To get timescaledb to pushdown the result of a subselect you create an immutable function like so:

CREATE OR REPLACE FUNTION push() RETURNS int[]  LANGUAGE SQL IMMUTABLE
AS $$
  SELECT array_agg(distinct device_id) FROM metrics;
$$;

And then use it in a query like this:

SELECT * FROM metrics_dist WHERE device_id=ANY(push());

This will materialize the function result on the access node and push it down to the data nodes.
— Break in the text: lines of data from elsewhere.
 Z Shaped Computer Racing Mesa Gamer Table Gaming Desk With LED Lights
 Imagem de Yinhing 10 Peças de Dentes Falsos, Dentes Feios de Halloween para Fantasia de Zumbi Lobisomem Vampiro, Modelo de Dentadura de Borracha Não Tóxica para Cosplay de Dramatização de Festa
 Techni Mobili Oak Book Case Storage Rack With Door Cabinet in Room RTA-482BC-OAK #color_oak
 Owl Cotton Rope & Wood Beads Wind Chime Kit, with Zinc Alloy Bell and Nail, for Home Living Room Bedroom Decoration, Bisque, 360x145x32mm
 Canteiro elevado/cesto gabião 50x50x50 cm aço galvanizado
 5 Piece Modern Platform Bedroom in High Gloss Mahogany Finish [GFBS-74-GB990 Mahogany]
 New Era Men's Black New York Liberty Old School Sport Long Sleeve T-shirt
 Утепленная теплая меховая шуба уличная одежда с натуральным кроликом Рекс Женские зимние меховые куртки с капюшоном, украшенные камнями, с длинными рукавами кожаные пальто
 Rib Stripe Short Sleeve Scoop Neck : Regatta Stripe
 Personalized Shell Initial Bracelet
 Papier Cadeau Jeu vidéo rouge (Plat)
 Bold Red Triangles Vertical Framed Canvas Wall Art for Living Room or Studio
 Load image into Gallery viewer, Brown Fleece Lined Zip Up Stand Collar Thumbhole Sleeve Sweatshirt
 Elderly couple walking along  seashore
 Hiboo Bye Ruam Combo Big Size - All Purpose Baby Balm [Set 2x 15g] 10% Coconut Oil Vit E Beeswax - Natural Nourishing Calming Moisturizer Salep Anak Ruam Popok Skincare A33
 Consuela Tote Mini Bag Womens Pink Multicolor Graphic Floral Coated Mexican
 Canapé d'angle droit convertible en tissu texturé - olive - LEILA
This will also use indexes when applicable:

explain verbose select * from metrics_dist where device_id=ANY(t());
                                                                                                         QUERY PLAN
-----------------------------------------------------------------------------------------------------------------------------------------------------------------------------------------------------------------------------
 Custom Scan (AsyncAppend)  (cost=100.00..7261.53 rows=56216 width=36)
   Output: metrics_dist."time", metrics_dist.device_id, metrics_dist.v0, metrics_dist.v1, metrics_dist.v2, metrics_dist.v3
   ->  Append  (cost=100.00..7261.53 rows=56216 width=36)
         ->  Custom Scan (DataNodeScan) on public.metrics_dist metrics_dist_1  (cost=100.00..1655.86 rows=13674 width=36)
               Output: metrics_dist_1."time", metrics_dist_1.device_id, metrics_dist_1.v0, metrics_dist_1.v1, metrics_dist_1.v2, metrics_dist_1.v3
               Data node: data_node_1
               Fetcher Type: Row by row
               Chunks: _dist_hyper_7_37_chunk, _dist_hyper_7_40_chunk, _dist_hyper_7_43_chunk
               Remote SQL: SELECT "time", device_id, v0, v1, v2, v3 FROM public.metrics_dist WHERE _timescaledb_internal.chunks_in(public.metrics_dist.*, ARRAY[1, 2, 3]) AND ((device_id = ANY ('{1,2,3,4,5}'::integer[])))
               Remote EXPLAIN:
                 Append  (cost=0.28..843.19 rows=13674 width=36)
                   ->  Index Scan using _dist_hyper_7_37_chunk_metrics_dist_device_id_time_idx on _timescaledb_internal._dist_hyper_7_37_chunk  (cost=0.28..208.51 rows=3598 width=36)
                         Output: _dist_hyper_7_37_chunk."time", _dist_hyper_7_37_chunk.device_id, _dist_hyper_7_37_chunk.v0, _dist_hyper_7_37_chunk.v1, _dist_hyper_7_37_chunk.v2, _dist_hyper_7_37_chunk.v3
                         Index Cond: (_dist_hyper_7_37_chunk.device_id = ANY ('{1,2,3,4,5}'::integer[]))
                   ->  Index Scan using _dist_hyper_7_40_chunk_metrics_dist_device_id_time_idx on _timescaledb_internal._dist_hyper_7_40_chunk  (cost=0.28..283.16 rows=5038 width=36)
                         Output: _dist_hyper_7_40_chunk."time", _dist_hyper_7_40_chunk.device_id, _dist_hyper_7_40_chunk.v0, _dist_hyper_7_40_chunk.v1, _dist_hyper_7_40_chunk.v2, _dist_hyper_7_40_chunk.v3
                         Index Cond: (_dist_hyper_7_40_chunk.device_id = ANY ('{1,2,3,4,5}'::integer[]))
                   ->  Index Scan using _dist_hyper_7_43_chunk_metrics_dist_device_id_time_idx on _timescaledb_internal._dist_hyper_7_43_chunk  (cost=0.28..283.16 rows=5038 width=36)
                         Output: _dist_hyper_7_43_chunk."time", _dist_hyper_7_43_chunk.device_id, _dist_hyper_7_43_chunk.v0, _dist_hyper_7_43_chunk.v1, _dist_hyper_7_43_chunk.v2, _dist_hyper_7_43_chunk.v3
                         Index Cond: (_dist_hyper_7_43_chunk.device_id = ANY ('{1,2,3,4,5}'::integer[]))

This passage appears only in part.